Figure 2: Ars Technica user metadata.

# convert html content to formatted text
toots <- toots |>
  rowwise() |>
  mutate(text = html_text2(read_html(content))) |>
  ungroup()

# available post metadata
colnames(toots)

 [1] "id"                     "uri"                   
 [3] "created_at"             "content"               
 [5] "visibility"             "sensitive"             
 [7] "spoiler_text"           "reblogs_count"         
 [9] "favourites_count"       "replies_count"         
[11] "url"                    "in_reply_to_id"        
[13] "in_reply_to_account_id" "language"              
[15] "text"                   "application"           
[17] "poll"                   "card"                  
[19] "account"                "reblog"                
[21] "media_attachments"      "mentions"              
[23] "tags"                   "emojis"                
[25] "favourited"             "reblogged"             
[27] "muted"                  "bookmarked"            
[29] "pinned"

We now have two dataframes, one for thread posts and their metadata called toots and one for users and their metadata called users that can be cross-referenced by user ID.

Create networks

This section is about generating networks from the collected conversation thread data. To do this we need to build edge lists using the relational data fields present in the collection. These are the post and user ID fields: id (post id), account_id (author or user id), and the relational fields: in_reply_to_id (parent post id) and in_reply_to_account_id (parent post author user id).
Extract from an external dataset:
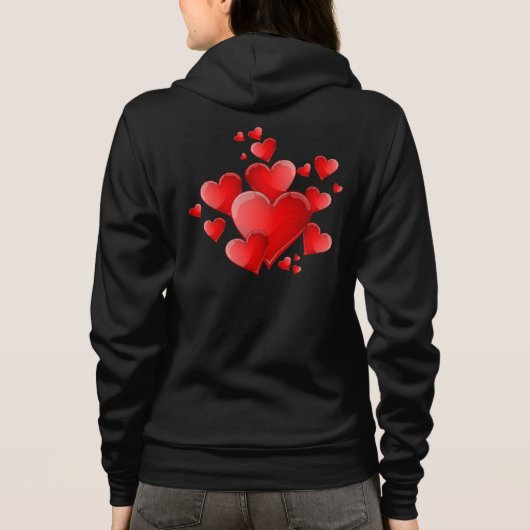 Funny Valentine pink heart Hoodie (Rückseite)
Three network types will be created, a thread activity network, a user actor network and a community affiliation style network.

1. Activity network

The activity network represents the post-reply tree structure of the conversation thread. Nodes are the Mastodon posts that make up the thread and the edges signify directed replies, in this case the relationship between posts in a conversation are of only one type: reply. It should be noted that in a Mastodon conversation network a post can only be a reply to one post, meaning it can only ever have zero or one outbound reply edge, creating network branch structures.

In the following snippet the edge list is created in the first three lines of code and is sufficient to create a network graph, the remaining code adds some node metadata as attributes and styles a network graph plot.

# activity network edge list
activity_edges <- toots |>
  select(from = id, to = in_reply_to_id) |>
  filter(!is.na(to))

# set edge types
activity_edges$edge_type <- "reply"

# activity network nodes and metadata
activity_nodes <- toots |>
  hoist(account, account_id = "id") |>
  hoist(tags, tag = list("name"), tag_url = list("url")) |>
  hoist(mentions, mention_id = list("id"), mention_name = list("username"))

library(ggraph)
library(tidygraph)
library(stringr)

# create a labels from post ids
activity_nodes$label <- paste0(str_sub(activity_nodes$id, 1, 2), 
                               "..",
                               str_sub(activity_nodes$id, -3, -1))

# set node types
activity_nodes <- activity_nodes |>
  mutate(node_type = if_else(id == toot_id, "op", "post"))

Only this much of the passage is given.